Surprise! Your tenant’s Jack the Ripper
The Lodger, a novel by Marie Belloc Loundes – written in 1913 – offers a unique spin on the gruesome Jack the Ripper murders. The story exposes the morals and attitudes of another era – yet also reveals that human nature hasn’t changed much over the years.
In The Lodger, landlady Ellen Bunting has fallen on hard times along with her husband. Their neighbourhood has deteriorated and they have been unable to rent their rooms to any tenants for a long time. Their savings are gone; they have resorted to selling jewellery and other items to get by, but even that option is coming to an end. In London, England in the 1880s, this is truly a tragedy as there are very few resources to aid the poor.
Then along comes a mysterious new lodger, Mr. Sleuth, a “gentleman” who offers to pay the Buntings his rent in advance. They are overjoyed and feel tremendous relief at their changing fortunes. Ellen Bunting takes good care of Mr. Sleuth, bringing him his meals and organizing his shopping. At first, she takes his eccentricities in stride; he constantly reads the Bible and rarely goes out.
At the same time, a serial murderer has been committing atrocities in the city, brutally stabbing women to death. Mrs. Bunting begins to get suspicious as to who the murderer is when she hears her new lodger sneaking outside in the middle of the night – and then hears of a fresh murder the following day. But since she needs his money so desperately, she tells no one, not even her husband.
The fascinating part of the story focuses on Ellen Bunting’s agonies over her secret suspicions – she convinces herself she is not quite sure that the lodger is the murderer – and her fears of what the lodger might do. She is afraid to leave family members alone in the house; she fears for her husband’s beautiful daughter from a previous marriage who comes for a visit. Ellen becomes ill, withdrawn and hysterical on occasion.

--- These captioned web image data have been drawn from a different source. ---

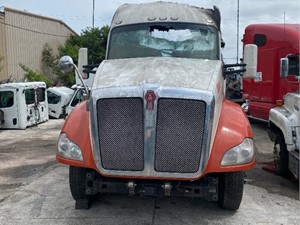 Salvage 2015 Kenworth T680 - SV-484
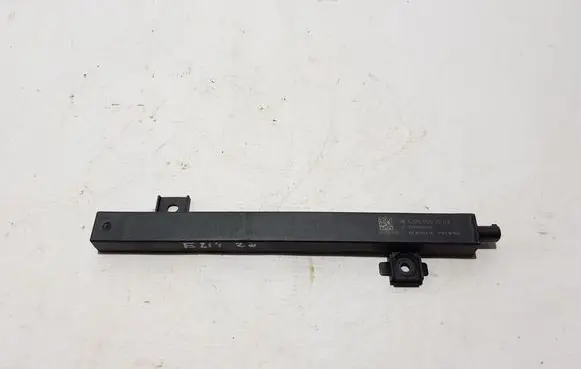 Mercedes-Benz E W214 Aerial antenna amplifier A2069052504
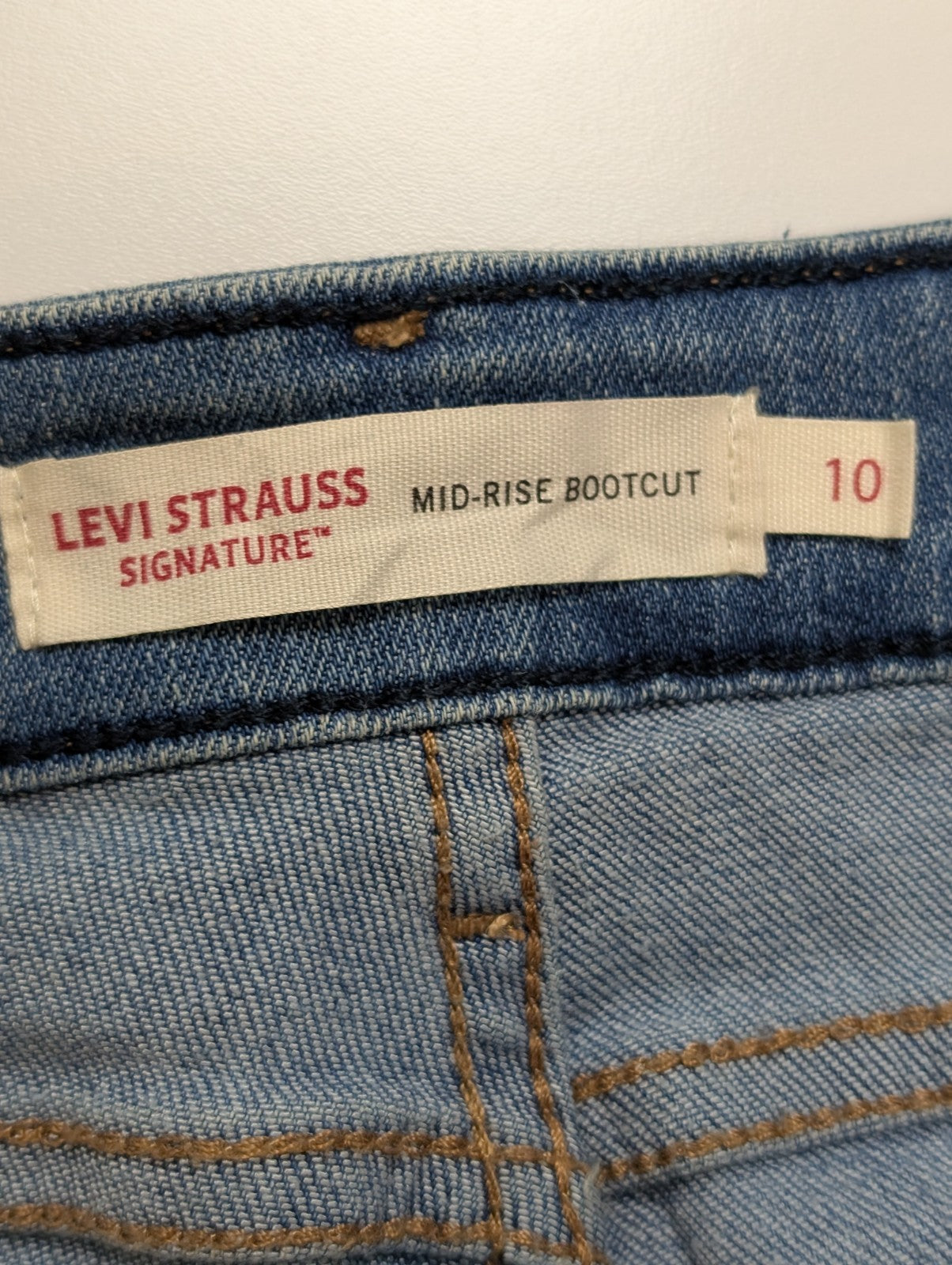 Jean Levi's Signature Femme Bleu Clair Mid Rise Bootcut W30 L32 T40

Readers feel sympathy for Ellen – her decision to keep her suspicions about her lodger to herself seem plausible because of her dire financial straits. The psychological drama of her attempts to deny the truth about her tenant add to the chilling horror of the murders, and the strain Ellen undergoes compels readers to read on to find out the resolution to her problem.
The compelling characters in The Lodger and the unique way Loundes blends their lives with the story of the Ripper make the book intriguing and relevant, even almost a century after it was written.
I would have preferred an ending that didn’t let the Buntings off the hook quite so completely – after all the agonizing, once the Ripper disappears both Buntings just move on with their lives.